Moins de trois mois après sa création, le sort du Front du Salut et du Progrès est scellé

Moins de trois mois après  sa création, le sort du Front du Salut et du Progrès est scellé

 

« Les véritables accords sont les accords en arrière-pensées » disait Paul Valéry. C’est pour ne avoir pris en compte cet axiome, combien essentiel en politique que l’accord sur le « Front du Salut et du Progrès » est parti en fumée aussi vite qu’il a été conclu.

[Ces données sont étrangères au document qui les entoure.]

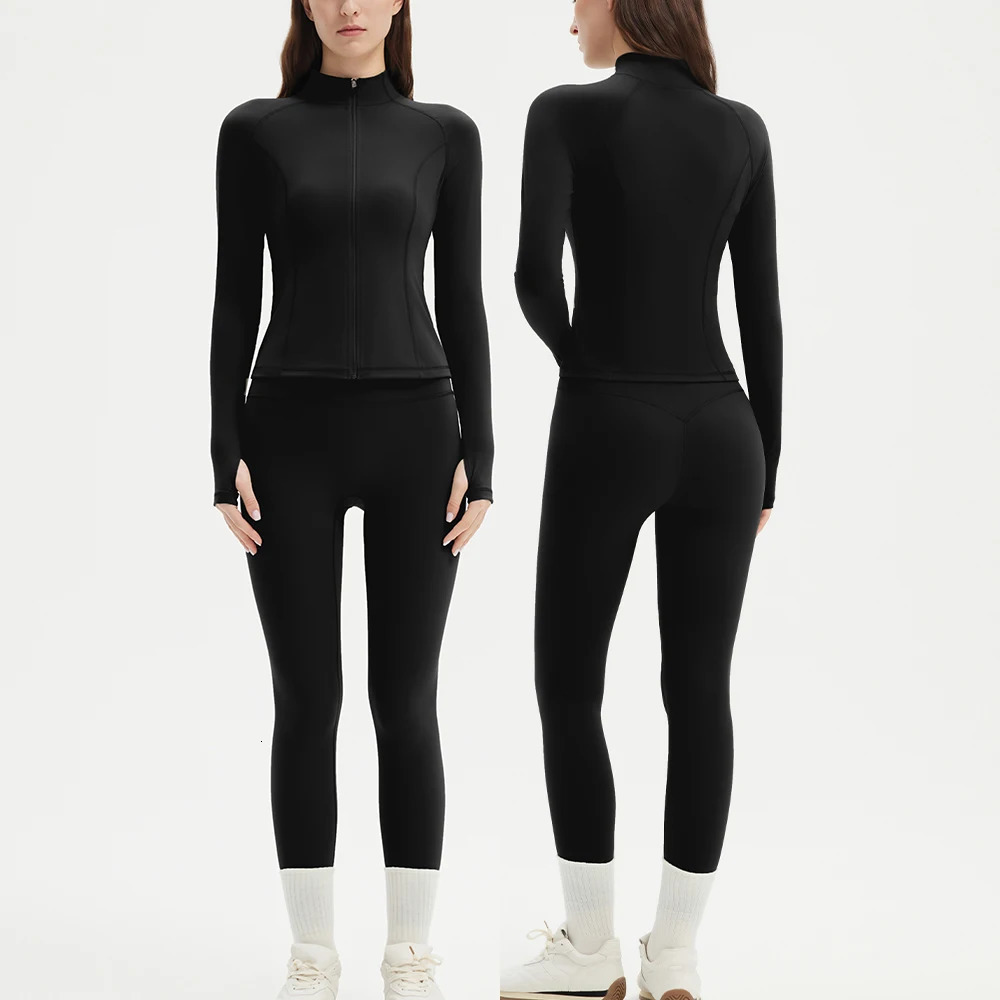 Two-piece Sports Set Women Solid Zipper Long Sleeve Sports Jacket HighWaist Leggings Set Sporty Breathable Yoga Sets Female 261016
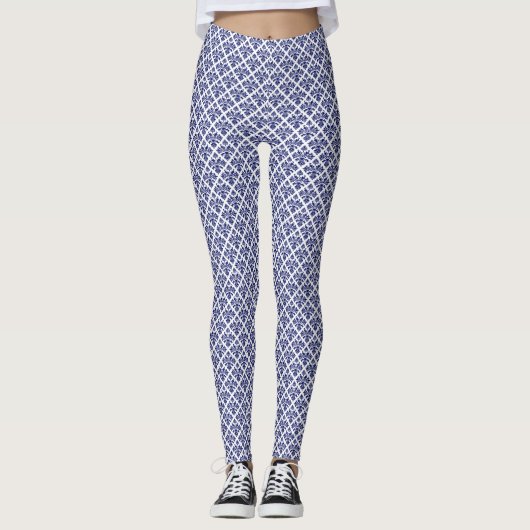 Wit Blauw 2 Laag - Damast #2 DIY BG Ptn NB Leggings (Voorkant)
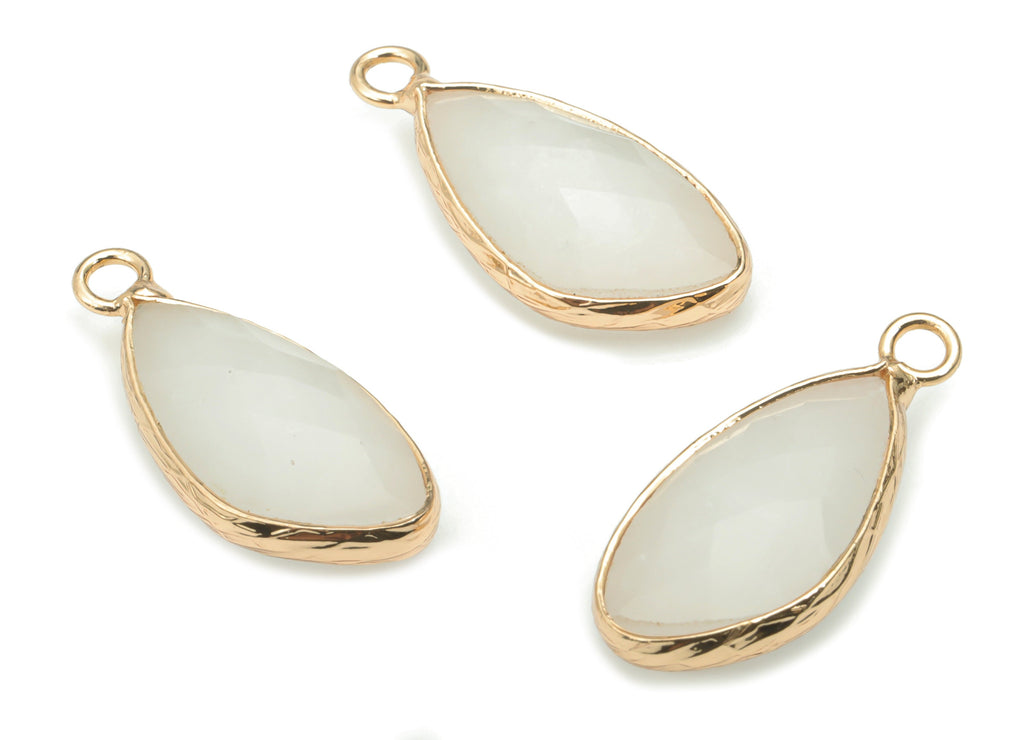 Rose Quartz Faceted Natural Stone Charms - Brass Drop Pendant - Gold Tone Plated Brass – Jewelry Supplies - 25.26x10.82x5.63mm – NS1627C - DOMEDBAZAAR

Depuis quelques jours, on assiste à une avalanche de « gels » d’appartenance à ce front annoncé tour à tour par des partis politiques et des personnalités indépendantes. Après le parti de l’action nationale démocratique, c’était autour du poids lourd de cette alliance partisane, Machrou3 Tounés d’annoncer ce gel suivi de Mahmoud Baroudi ancienne figure de l’ANC. Même si sa mort n’est pas encore annoncée, cela ne saurait tarder.

Dans tous les cas, l’accord portant création de ce front peut être qualifié de caduc tant ses composantes fondatrices sont en train de prendre leurs distances d’avec un projet finalement mort-né.

Il faut bien rappeler que sa gestation n’a pas été longue, tant chacune de ses parties constituantes avaient des raisons particulières de pousser à sa formation, quand bien même les principes de base de formation d’un front politique ne sont pas réunis. On peut légitimement se demander quel est le dénominateur commun entre l’Union patriotique libre de Slim Riahi et le mouvement Machrou3 Tounés rassemblé autour de son secrétaire général Mohsen Marzouk, les deux principaux initiateurs du projet.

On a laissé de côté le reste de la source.